In a paper titled, “The Importance of Inferior Voting Rights in Dual-Class Firms,” author Dov Solomon focuses on companies with a class of non-voting stock.  By offering non-voting stock to the public and listing that class of securities on a national securities exchange, an issuer is not subject to a number of disclosure and related securities law requirements that are tied to voting rights.  For example, an issuer with non-voting stock is not subject to the proxy rules. Holders of the class of non-voting stock are not entitled to vote on matters that typically would be raised at stockholders’ meetings or to put forward stockholder proposals for consideration at such a meeting.  An issuer with non-voting stock also would not be subject to Schedule 13D or 13G filings for that class of shares.  Holders, including insiders, also would not be subject to Section 16 filing requirements.  The author suggests that the Securities and Exchange Commission impose such disclosure and governance requirements on issuers with a class of non-voting stock.

Authors Brian Broughman and Jesse Fried study founder control in their paper titled, “Do Founders Control Start-Up Firms that Go Public?”  In their paper, the authors observe that many founders of startups lose control through the process of raising capital from venture capital funds.  The authors debunk the notion that founders regain control over their companies in connection with their companies’ IPOs (referred to as the “call option on control” theory).  The research shows that the frequency of founder-CEO control at the IPO is around 20% during the sample period considered.  After three years following the IPO, 25% of founder-CEOs exit the CEO position for the companies that are still public.  The authors also considered voting control held by the founder-CEO.  Their research showed that the average founder voting power is 11.1% at the time of the IPO and 6.3% three years following the IPO.  Founder voting power was higher for those companies that had received less pre-IPO financing, had undertaken fewer rounds of VC financing, undertook an IPO more quickly from receipt of initial VC financing, and had dual-class structures.   Based on the review of more than 18,000 startups that received initial VC financing between 1990 and 2012, the authors concluded that it is highly unlikely that a founder will reacquire even modest control at the IPO that would be durable (lasting more than three years).

 

In his essay, referenced above, author Kirby Smith considers the effects of the equal treatment clause in acquisitions of companies with dual class structures.  In the charters of many such companies, there are equal treatment clauses that require that any merger consideration be distributed pro rata.  The presence of such a clause may make the control person less likely to pursue a strategic transaction.  The clause also might have the effect of requiring a buyer to pay more than the value ascribed to the company by the control person, since the control person effectively holds a veto over the potential strategic transaction.  The author suggests two approaches to addressing the issue: first, eliminating equal treatment clauses and relying on the Delaware entire fairness framework, or second, embedding a control premium in the articles of incorporation or charter.

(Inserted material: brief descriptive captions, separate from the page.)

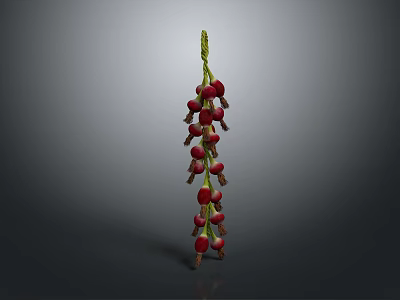Fresh Ripe Red Berries on Green Stem Strand Against Gray Background 3d model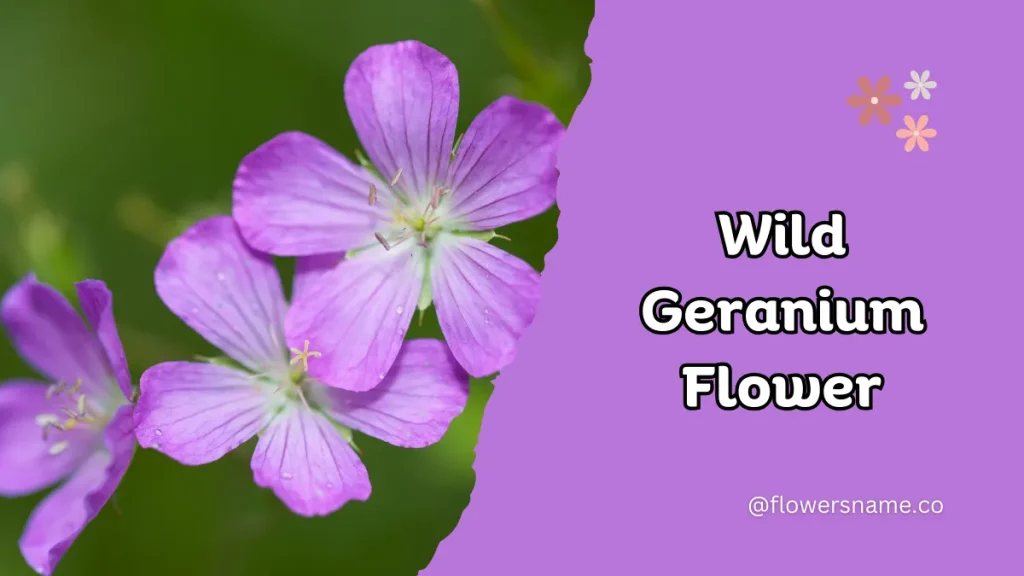 Wild Geranium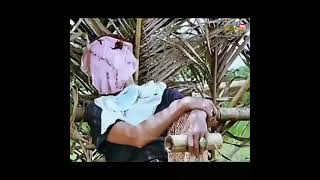 Download lagu topeng betawi mp3 Download lagu topeng betawi mp3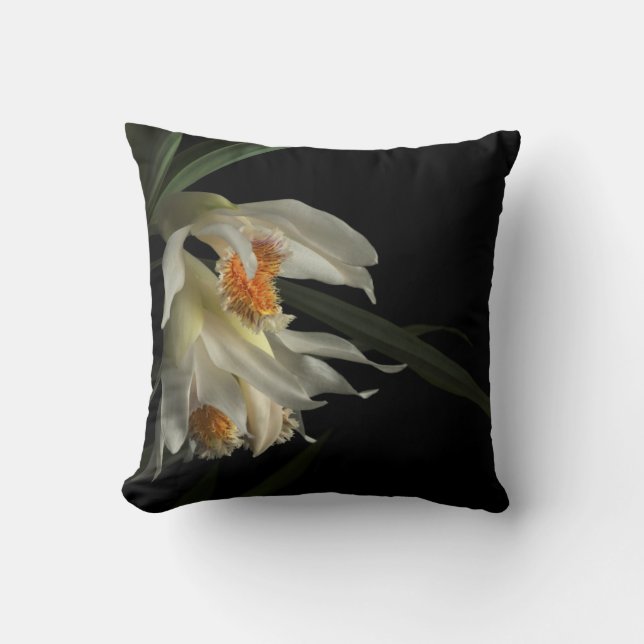 Thunia Marshalliana Cushion (Front)
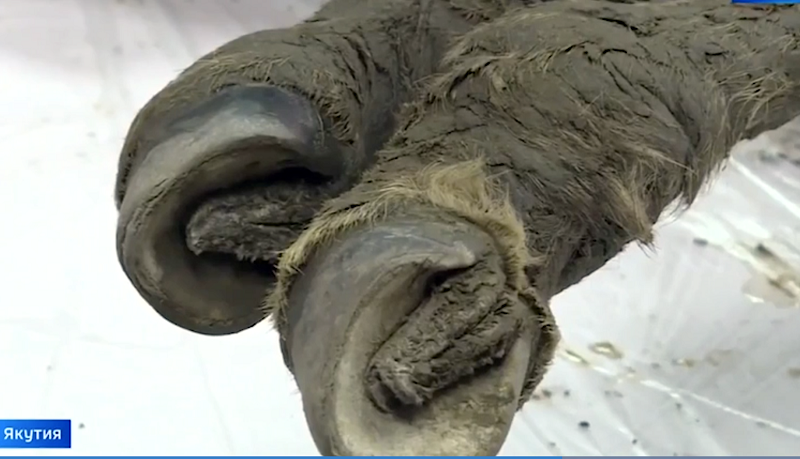 horse fossils, extinct horses, archealogical finds equine, history of horses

The MSCI released its Consultation on the Treatment of Unequal Voting Structures in the MSCI Equity Indexes soliciting input on index inclusion criteria relating to the shares of companies having a dual class structure.  Many commenters have responded by releasing their views publicly.  While many institutional investors have taken the opportunity to comment on their concerns regarding dual class structures, particularly those with no sunset provisions, and have voiced a strong preference for a one share-one vote model, some of the same institutional investors have advocated that MSCI indices continue to include the securities of companies with dual class structures.  Some have suggested that the MSCI consider offering bespoke indices and broad-based indices.  The broad-based indices would reflect the investable market, including the securities with unequal voting rights.  By contrast, bespoke indices might be tailored to include only the securities of companies having certain characteristics.  Along these lines, a bespoke index might omit the securities of companies with dual class voting structures.